Reasons were offered as to why the US attacked Mexico. All because, see, they were paranoid enough to worry about a little mischief on Mexico’s part when all it wanted to do was throw a very modest, not all that heavy, monkey wrench into the US economy by abruptly severing all its economic ties with the US forged over many decades. Yes, the US attacked Mexico — for refusing to pay any of its debts while rightfully demanding all the goods and services it’s used to getting from the US — free of charge now please, you are an international outcast now, you can’t be too demanding. Yes, of course the US attacked Mexico — why, for pledging its economic and military allegiance to Russia and Cuba and North Korea, and for its innocent, non-aggressive desire to have a few Russian military bases on its soil with maybe just a little more than a few nuclear warheads aimed at the US from, really, no closer than several hundred feet away — nothing more! And, let’s not forget, the US attacked Mexico for its exemplary willingness to be gutted for shale gas to the point of voluntary depopulation by a well-meaning Russian natural gas giant, Gazprom… nothing to write home about. What reasons did the US ever have to complain that its interests and concerns were being ignored by Russia with utter contempt? This whole thing with Mexico is just between Mexico and Russia, Cuba, and North Korea (and maybe Gazprom) — it’s really none of your business, America, nothing to look at here, folks, move on.
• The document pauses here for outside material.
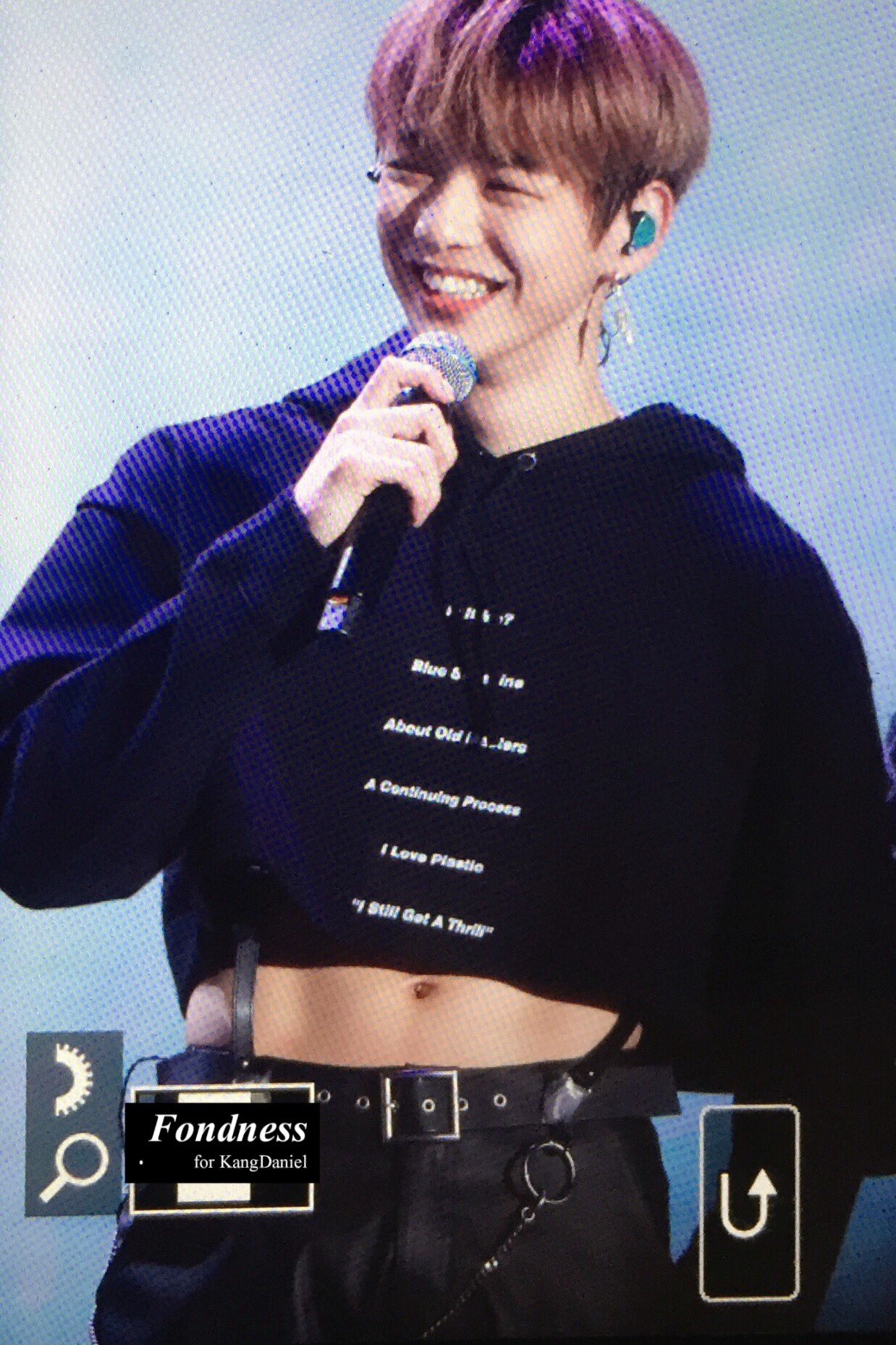 Bliv reference historie riz on Twitter: "oh you know, just... kANG DANIEL IN A CROP TOP  https://t.co/zjraSEN4Mg" / Twitter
But no, the US had to butt in when Mexico decided to cancel all things American on its territory — beginning with American people in Florida, California and Texas. So who can doubt that it was the US who started it all — they wanted Florida, see, and then they wanted California and Texas too and possibly to upscale to WWIII while at it, and that’s why Russia and its allies decided they must punish and damage the US with all means at their disposal.